If Iran becomes a nuclear weapons capable state in the next few years, as seems likely, Israel’s forty year old monopoly on nuclear weapons in the Middle East will end. But its military superiority over Iran will not. It will remain the dominant military power in the region for the foreseeable future, and it does not need to attack Iran to ensure its security.
Israel is the state that feels most threatened by Iran’s nuclear ambitions, and with good reason. The founder of the Islamic Republic, Ayatollah Ruhollah Khomeini, was the first to call for Israel to be wiped off the map of the Middle East, and it was he who sent the Iranian Revolutionary Guards to Lebanon in 1982 to establish Hezbollah. He was also pragmatic enough, however, to buy arms from Israel during the war with Iraq. Iran’s current president has called for Israel’s destruction often, most alarmingly last month when he toured Lebanon. Today Israel is believed to be considering the wisdom of a strike against Iran.
Estimates by international think tanks generally concur that Israel has about 100 nuclear weapons, maybe twice that number. Even under a crash program Iran will not achieve that size arsenal for many years, perhaps decades.
Israel also has multiple delivery systems. It has intermediate-range ballistic missiles, the Jericho, capable of reaching any target in Iran. Its fleet of F-15 long-range strike aircraft can also deliver nuclear payloads. Some analysts have suggested that it can also deliver nuclear weapons from its German-made Dolphin submarines using cruise missiles. This is the reality of the balance of power in the Middle East, but it is rarely said in public.
Israel will also continue to have conventional military superiority over Iran and the rest of the region, The Israel Air Force is capable of penetrating air defense systems with virtual impunity, as it demonstrated in 2007 when it destroyed Syria’s nascent nuclear capability. Israel’s intelligence and electronic warfare capabilities are vastly superior to its potential rivals. Israeli satellites provide it with coverage of Iranian facilities and capabilities every day, a major advantage in modern warfare.
Iran, on the other hand, has never fully rebuilt its conventional military from the damage suffered in the Iran-Iraq war. It still relies heavily for air power on equipment purchased by the Shah. Moreover, the new United Nations sanctions, UN Security Council resolution 1929, impose a very stringent arms ban on Iran. Virtually all significant weapons systems — including tanks, aircraft, naval vessels and missiles — are banned from sale or transfer to Iran. Training and technical assistance for such systems is also banned. In other words, even if Iran wants to try to improve its conventional military capability in the next few years, with the help of foreign suppliers, and has the money to do so, the UN arms ban will make that close to impossible. Iran does not have the capability to produce state-of-the-art weapons on its own, despite its occasional claims to be self-sufficient. To compensate for its weakness Iran has built an impressive asymmetric capability in missiles and terrorists to threaten massive retaliation for any attack.
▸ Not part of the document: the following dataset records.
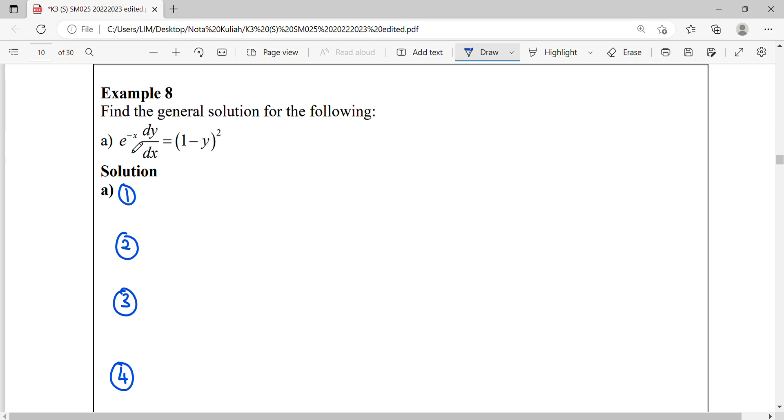So for this differential equation dE, the first step, we express the dy dx as a subject.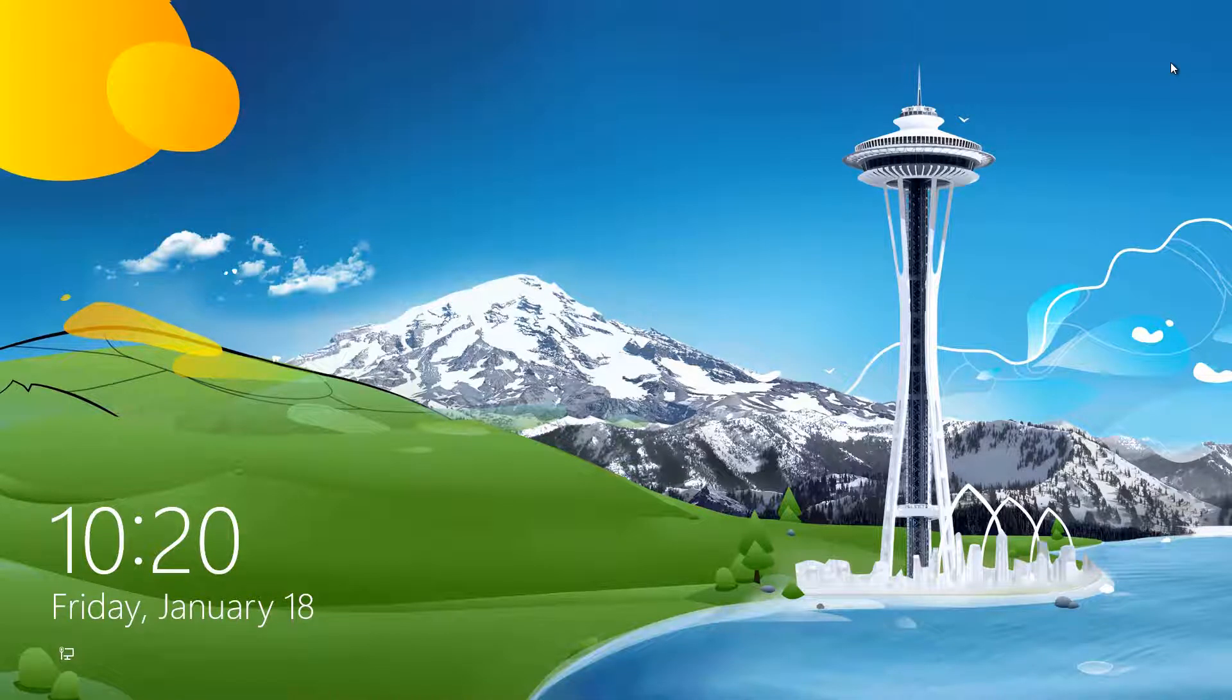Hi guys, welcome back to another Windows tutorial. Today I'm going to show you how to get into a locked, password-protected computer—whether it's yours or someone else's that you want to help access.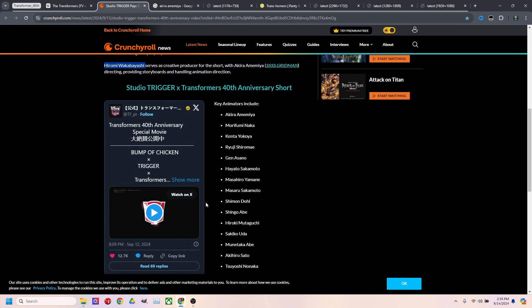So that way they know that you watched it. There is a source that I saw on YouTube, but I don't believe that they have any direct relation to either Bump of Chicken, Trigger, or Transformers. So they won't really be aware that you watched the special movie, as they're calling it.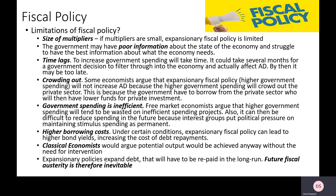A classical economist would argue there's no point raising or reducing aggregate demand through fiscal policy, because markets are perfect and markets will clear anyway. In the long run we're going to get back to LRAS without lots of government borrowing, so why bother? Just let the free market mechanism fix problems across the economy. The logic is that if people are unemployed, wage rates will fall, incentivising business growth, and we get to where we want to be anyway without the need for lots of government intervention.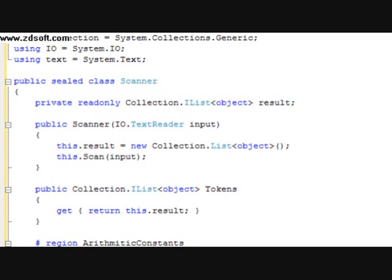Hey YouTube, my name is Zach and I'm the creator of Cassandra Mar, and today I'm going to be doing part 4 in this series of tutorials explaining how to create your own programming language.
Finally, Israel will continue to enjoy the support of the world’s only superpower for the foreseeable future. Assistance from the United States includes roughly $3 billion in grant aid every year. That is the longest-running financial assistance program in American history, and dates back to the 1973 war. It is never challenged or cut by Congress and permits Israeli planners to do multi-year planning for defense acquisitions with great certitude about what they can afford to acquire.
U.S. assistance also goes far beyond mere financial aid. The Pentagon and the IDF engage in constant exchanges of technical expertise on virtually all elements of the modern battlefield. Missile defense has been at the center of this exchange for over 20 years now. Officials in Washington and Tel Aviv say the Obama administration has strengthened and expanded the relationship as the new US offer of 20 F35 aircraft illustrates. The United States and Israel also have a robust and dynamic intelligence relationship that helps ensure Israel’s qualitative edge.
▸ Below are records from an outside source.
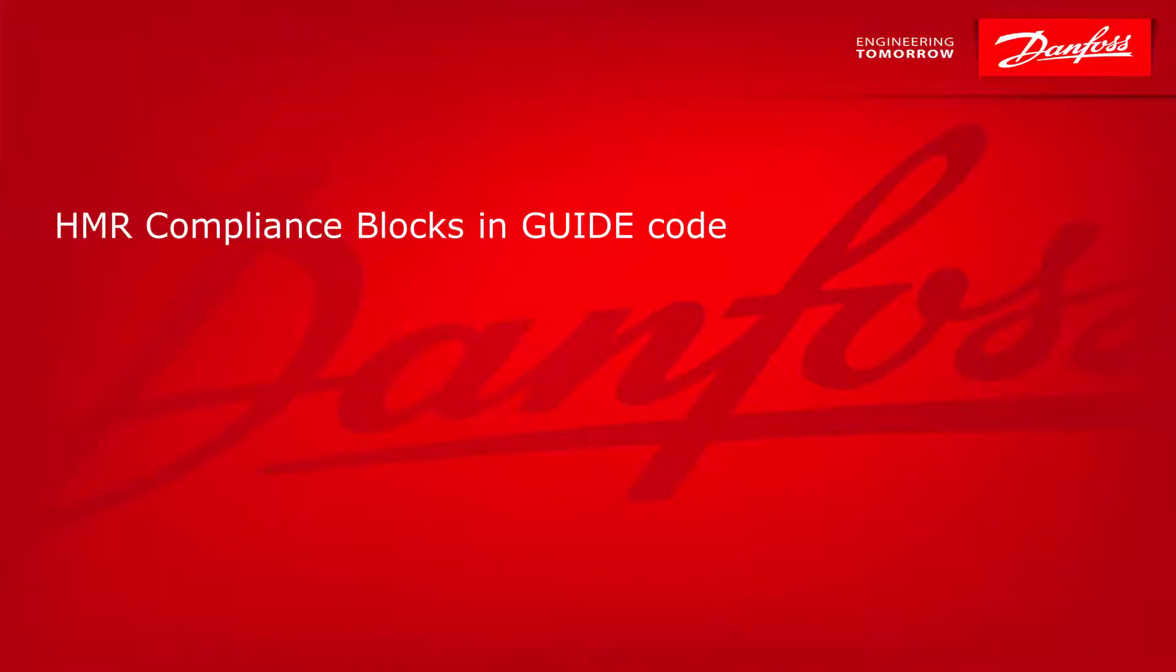So, how is all this achieved in Guide? Through compliance blocks, like for other Danfoss hardware. As a reminder, compliance blocks can be thought of as drivers to communicate with the device from your Guide program.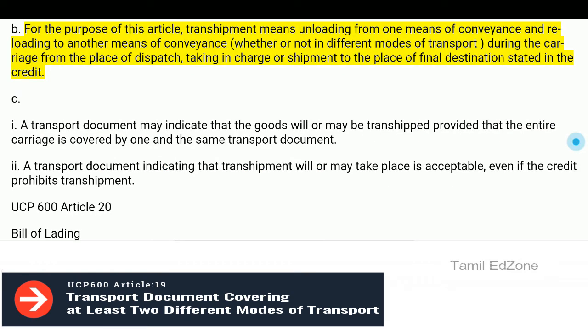For the purpose of this article, transshipment means unloading from one means of conveyance and reloading to another means of conveyance, whether or not in different modes of transport, during the carriage from the place of dispatch, taking in charge or shipment to the place of final destination stated in the credit.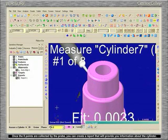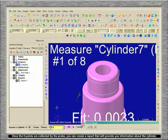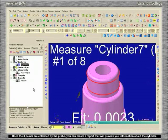Once the 8 points are collected by the probe, you can create a report that will provide you information about the cylinder.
American support for Israel comes despite Israel’s refusal to sign the nuclear non-proliferation treaty. Since 1969, the United States has implicitly supported Israel’s nuclear deterrent by providing Israel with high-performance aircraft and not pressing for NPT signature. Every American president since Richard Nixon has been a supporter of maintaining Israel’s qualitative edge over its potential foes. President Obama reaffirmed these commitments to Israel early in his term, even as he has pushed for a world without nuclear weapons.
Iran, in contrast, has no major power providing it with financial help. Its arms relationships with Russia and China have been severed by UN Resolution 1929. Its only military ally is Syria, not exactly a powerhouse.
The Iranian challenge is a serious danger to regional, and even global, stability, which should be addressed in the full context of the real balance of power in the area. Those engaged in such a discussion cannot pretend Israel is a weak and helpless state. But they must also address Israel’s legitimate concerns about Iranian recklessness.
In the 2008 presidential primaries, then-senator Hillary Clinton suggested extending a nuclear umbrella over Israel and others who feel threatened to deter Iran. That is a good idea whose time is coming soon.